- Developer: Titus
- Publishers: Titus Amstrad
- Platforms: Amiga, Atari ST, Amstrad CPC, Commodore 64, MS-DOS, Master System, GX4000
- Release: EU: November 1990;
- Genres: Racing, shoot 'em up
- Mode: Single-player

= Fire & Forget II =

1990 racing video game

Fire & Forget II is a 1990 futuristic racing-shooter video game developed and published by Titus for the Amiga, Atari ST, Amstrad CPC, Commodore 64, MS-DOS, Master System, and by Amstrad for the GX4000. It is the sequel to Fire and Forget, which was developed by Titus France SA for a number of platforms including the ZX Spectrum. Fire & Forget II is one of a number of similar games which emerged in the late 1980s and early 1990s in the wake of Sega's popular arcade driving game Out Run (1986). It is notable for the variety of its enemy sprites, and for its use of parallax scrolling. It is also notable for being one of the first video games to be launched simultaneously on two consoles.

== Gameplay ==
The object of the game is to prevent a convoy of vehicles from reaching the city of Megapolis where a terrorist attack has been planned against the 3rd International Conference for Peace. Taking control of a weaponised flying car named the Thunder Master II in pursuit of this goal, the player is presented with a combination of racing, flying and shoot 'em up gameplay elements.

The player must navigate the road to Megapolis at high speed, working their way up the convoy and destroying a wide array of opponents, ranging from armed motorcycles, cars and jeeps, to road-side cannons, bomber aircraft and robotic walkers.
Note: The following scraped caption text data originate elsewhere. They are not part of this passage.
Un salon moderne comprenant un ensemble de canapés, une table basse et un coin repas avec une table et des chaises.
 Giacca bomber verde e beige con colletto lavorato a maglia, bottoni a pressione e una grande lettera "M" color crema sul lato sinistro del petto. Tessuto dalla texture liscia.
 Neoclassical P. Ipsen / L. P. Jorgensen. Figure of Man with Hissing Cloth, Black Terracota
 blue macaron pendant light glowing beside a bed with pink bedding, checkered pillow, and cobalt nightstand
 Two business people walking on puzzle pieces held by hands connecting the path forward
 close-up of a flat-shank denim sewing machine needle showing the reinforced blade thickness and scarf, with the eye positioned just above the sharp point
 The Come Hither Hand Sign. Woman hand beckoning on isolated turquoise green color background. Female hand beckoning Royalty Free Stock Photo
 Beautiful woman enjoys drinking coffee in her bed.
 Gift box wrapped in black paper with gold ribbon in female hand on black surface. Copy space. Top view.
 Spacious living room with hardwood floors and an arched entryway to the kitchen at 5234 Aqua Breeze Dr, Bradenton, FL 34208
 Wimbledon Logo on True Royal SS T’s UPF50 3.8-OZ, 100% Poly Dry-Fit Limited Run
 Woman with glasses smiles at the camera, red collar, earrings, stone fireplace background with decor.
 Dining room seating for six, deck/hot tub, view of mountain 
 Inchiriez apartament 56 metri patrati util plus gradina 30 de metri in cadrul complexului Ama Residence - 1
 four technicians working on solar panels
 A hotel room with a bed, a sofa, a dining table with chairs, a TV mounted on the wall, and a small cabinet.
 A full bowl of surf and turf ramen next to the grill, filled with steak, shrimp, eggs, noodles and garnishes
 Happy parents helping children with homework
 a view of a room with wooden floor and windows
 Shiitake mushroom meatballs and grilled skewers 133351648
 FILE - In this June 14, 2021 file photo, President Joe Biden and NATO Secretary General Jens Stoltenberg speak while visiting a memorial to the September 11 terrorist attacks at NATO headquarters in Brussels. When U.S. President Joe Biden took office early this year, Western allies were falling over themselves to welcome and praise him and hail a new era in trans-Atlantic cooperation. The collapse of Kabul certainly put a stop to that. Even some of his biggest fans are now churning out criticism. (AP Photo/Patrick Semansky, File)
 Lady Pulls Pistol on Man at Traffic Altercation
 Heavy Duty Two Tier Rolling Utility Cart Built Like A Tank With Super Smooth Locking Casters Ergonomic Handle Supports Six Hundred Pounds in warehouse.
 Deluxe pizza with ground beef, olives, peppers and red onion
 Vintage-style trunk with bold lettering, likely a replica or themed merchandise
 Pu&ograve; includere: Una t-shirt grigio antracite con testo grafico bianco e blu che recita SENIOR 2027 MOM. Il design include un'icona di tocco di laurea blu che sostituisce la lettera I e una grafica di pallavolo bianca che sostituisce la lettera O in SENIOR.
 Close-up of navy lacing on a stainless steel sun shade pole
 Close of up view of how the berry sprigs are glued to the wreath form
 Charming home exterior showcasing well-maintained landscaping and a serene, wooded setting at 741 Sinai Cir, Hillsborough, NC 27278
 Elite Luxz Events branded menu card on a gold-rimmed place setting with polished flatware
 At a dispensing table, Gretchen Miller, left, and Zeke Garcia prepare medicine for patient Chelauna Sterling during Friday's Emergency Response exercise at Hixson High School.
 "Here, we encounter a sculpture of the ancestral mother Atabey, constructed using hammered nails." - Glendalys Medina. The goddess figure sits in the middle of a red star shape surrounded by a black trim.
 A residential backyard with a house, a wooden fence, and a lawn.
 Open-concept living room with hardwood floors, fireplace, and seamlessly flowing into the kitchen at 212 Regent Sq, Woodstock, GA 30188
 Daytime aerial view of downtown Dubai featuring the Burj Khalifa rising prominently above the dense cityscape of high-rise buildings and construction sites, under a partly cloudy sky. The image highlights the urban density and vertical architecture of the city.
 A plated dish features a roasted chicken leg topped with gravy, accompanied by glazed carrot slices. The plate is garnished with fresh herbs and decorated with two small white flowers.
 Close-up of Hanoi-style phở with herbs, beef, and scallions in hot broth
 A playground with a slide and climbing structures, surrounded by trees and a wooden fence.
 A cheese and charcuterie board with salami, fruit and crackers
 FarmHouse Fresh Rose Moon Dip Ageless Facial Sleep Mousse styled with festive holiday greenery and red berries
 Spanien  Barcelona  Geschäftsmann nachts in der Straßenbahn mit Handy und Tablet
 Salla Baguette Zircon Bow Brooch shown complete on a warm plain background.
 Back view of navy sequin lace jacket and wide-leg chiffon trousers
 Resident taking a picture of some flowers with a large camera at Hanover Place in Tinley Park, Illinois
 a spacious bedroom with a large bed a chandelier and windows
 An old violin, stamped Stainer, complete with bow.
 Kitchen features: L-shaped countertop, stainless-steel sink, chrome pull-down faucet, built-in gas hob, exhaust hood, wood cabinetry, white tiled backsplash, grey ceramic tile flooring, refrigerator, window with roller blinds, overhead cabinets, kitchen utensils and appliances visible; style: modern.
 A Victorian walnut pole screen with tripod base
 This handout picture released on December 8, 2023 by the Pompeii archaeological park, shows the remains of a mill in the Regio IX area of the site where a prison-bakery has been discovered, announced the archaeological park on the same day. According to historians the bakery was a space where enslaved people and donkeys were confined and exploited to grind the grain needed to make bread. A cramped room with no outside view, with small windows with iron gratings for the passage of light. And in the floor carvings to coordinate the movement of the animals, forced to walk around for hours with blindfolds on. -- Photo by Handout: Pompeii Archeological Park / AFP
The ultimate aim is to reach and to disable the lead vehicle which is equipped with a nuclear weapon of mass destruction called the 'Life Thirsty'.

Despite a notable variety of enemies, the player has a limited range of abilities and power-ups available to them. The Thunder Master II vehicle is equipped with only two weapons: the basic 'ionic phaser' gun (activated with Button 1), and missiles (activated with Buttons 1 and 2 together). The player must keep the Thunder Master II fuelled by making contact with cans placed in the road: blue cans contain fuel which allow the vehicle to continue driving on the highway, and red cans contain kerosene which permit the vehicle to fly. The two types of fuel are indicated by two separate fuel gauges.

The in-game user interface displays the player's score as well as written messages, such as an indication of when the Thunder Master II is ready for take-off.

== Reception ==
The Master System version was well received. The reviewers at Mean Machines magazine praised the smoothness, the speed and the level of difficulty, and preferred the game to similar titles such as Battle Out Run and Chase H.Q. One reviewer described it as "a must for addicts of highway violence". Mean Machines awarded the Master System version an overall 82% score.

Computer and Video Games scored the Master System version 86% in 1990. Console XS reviewed the Master System version in 1992, giving it an 82% score.

The GX4000 version fared less well: the Mean Machines reviewers expressed surprise at the poverty of its graphics and gameplay in contrast to the Master System version. One reviewer stated: "The scrolling is jerky, the car moves and responds like a badly crippled slug, the road update is juddery and unconvincing, and most of the sprites look like marauding blue cabbages", concluding that playing the game was like having one's teeth pulled out. Mean Machines awarded the GX4000 version an overall 33% score.